Canadian dollar above 76 cents US as oil surges to 1½-year high

The Canadian dollar stayed firm above 76 cents US on Monday after oil prices rose to an 18-month high.

Bonds sell off pushing yields higher, as markets anticipate Fed rate hike this week

Brent oil futures soared more than five per cent to top $57 US a barrel for the first time since July 2015. (Sue Ogrocki/Associated Press)

The Canadian dollar stayed firm above 76 cents US on Monday after oil prices touched an 18-month high.

The impetus for the rise in crude was an agreement between the Organization of the Petroleum Exporting Countries and key non-OPEC crude producers to cut output.

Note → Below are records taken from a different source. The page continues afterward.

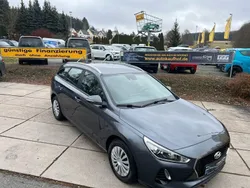 Grau Gebraucht 2017 Hyundai i30 Kombi | 11.695 € (Fairer Preis)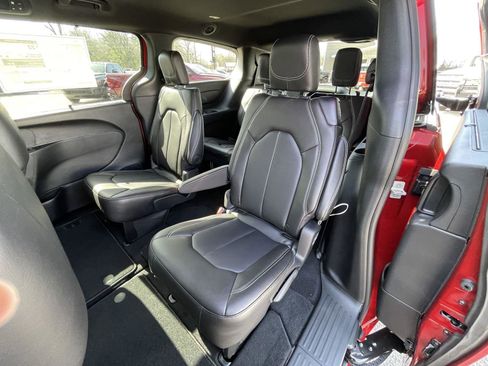 New 2026 Chrysler Pacifica Select image 28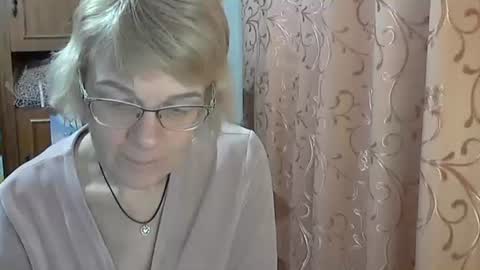 Snapshot of vanillaxcreamy chatting on February 2025 06:04:01 PM Vanillaxcreamy online show from February 2025 06:04:01 PM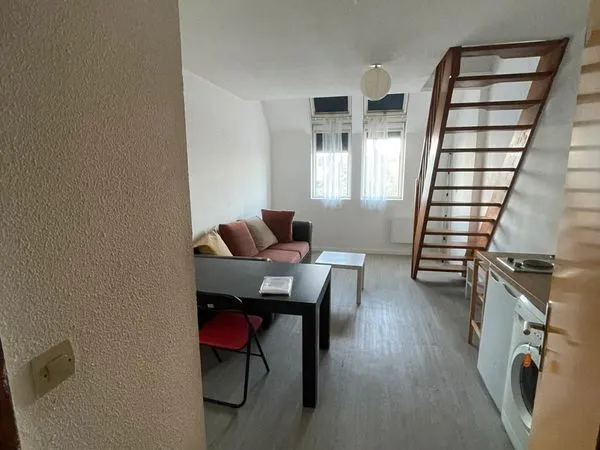 À LOUER - Charmant duplex meublé de 35 m² - Le Mans, quartier Miroir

At a weekend meeting, 11 non-OPEC producers agreed to cut 558,000 barrels a day of crude output in the six months beginning Jan. 1. As well, Saudi Arabia's oil minister hinted that it was considering further production cuts, on top of the 486,000 barrels a day to which it has already committed. 

Last month, OPEC countries agreed to cut 1.2 million barrels a day from their output, which has left the world flooded in oil and depressed oil prices.

In indications that OPEC members are serious about reducing production, Iraq said Monday it was in discussions with foreign companies operating its giant southern fields to implement some cuts during scheduled maintenance.
Brent futures, the main international contract, soared more than five per cent to top $57 US a barrel in European trading for the first time since July 2015. But the rally was short-lived and it slipped back in North American trading to $55.53 a barrel. That's still a two per cent gain from Friday.

West Texas Intermediate, the benchmark North American contract, closed at $52.83 a barrel, up $1.33 from Friday and shy of the $54 it reached overnight.

Those are the highest prices in 18 months, and lit a fire under the Canadian dollar and energy stocks.

A bounce for the loonie

The Canadian dollar is now at 76.14 cents US, up two cents against the strong U.S. dollar since OPEC first reached a deal on production cuts. It rose 0.27 of a cent since Friday.

The loonie is still vulnerable, as the Fed is expected to raise interest rates later this week for only the second time since the global financial crisis.

Jimmy Jean, senior economist at Desjardins, points to the discrepancy between the ebullient dollar and rising stock prices and the subdued forecast for the economy given by the Bank of Canada.

"Rather than adjusting to the warnings of Governor Stephen Poloz, markets are inviting him to toast to Donald Trump," he said in a note to clients.

Jean warns the Canadian dollar and bond yields are vulnerable to the Fed's move and could be knocked back as Poloz leaves rates where they are or even cuts them.

Markets have built in an expectation of a stronger U.S. dollar, as the Fed has sent signals it will raise its benchmark rate this week by 0.25 per cent.

Instead of focusing on the rate, the market is waiting for the commentary from the U.S. central bank, to see its predictions for the economy in the coming year. 
In another sign of the reflation trade, break-even rates — the gap between yields of five-year U.S. debt and a matching tenor in inflation-protected securities — were at two-month highs. (Richard Drew/Associated Press)

The U.S. dollar rose to its highest since February against the Japanese yen, which was also hurt by rising oil prices.
The Norwegian crown and Russia ruble, both heavily influenced by oil prices, were also big gainers from the oil deal. The ruble rose almost two per cent against both the U.S. dollar and euro.

The S&P/TSX composite index fell 24.50 points at 15,287.70, weighed by losses from the industrials sector. However, the TSX is up 17 per cent on the year.

In New York, the Dow Jones industrial average rose 39.58 points, or 0.2 per cent, to 19,796.43, another record high close. 

The S&P 500 and the Nasdaq composite index both lost ground on Monday.

Bond markets in contrast were under heavy pressure. Euro zone government bond yields opened sharply higher with German bonds up five basis points at 0.40 per cent as U.S. yields topped 2.5 per cent for the first time since October 2014.

The yield on U.S. Treasuries widened in anticipation of further inflation pressure.

Rising bond yields could mean higher borrowing costs ahead.

Emerging markets are already bracing for a difficult run if U.S. rate hikes push up the dollar and global bond yields.
Gold, meanwhile, which had a bumper first half of 2016, hit its lowest level since early February at $1,152 US an ounce, before the precious metal closed the day with a gain of $3.90 at $1,165.80 US an ounce.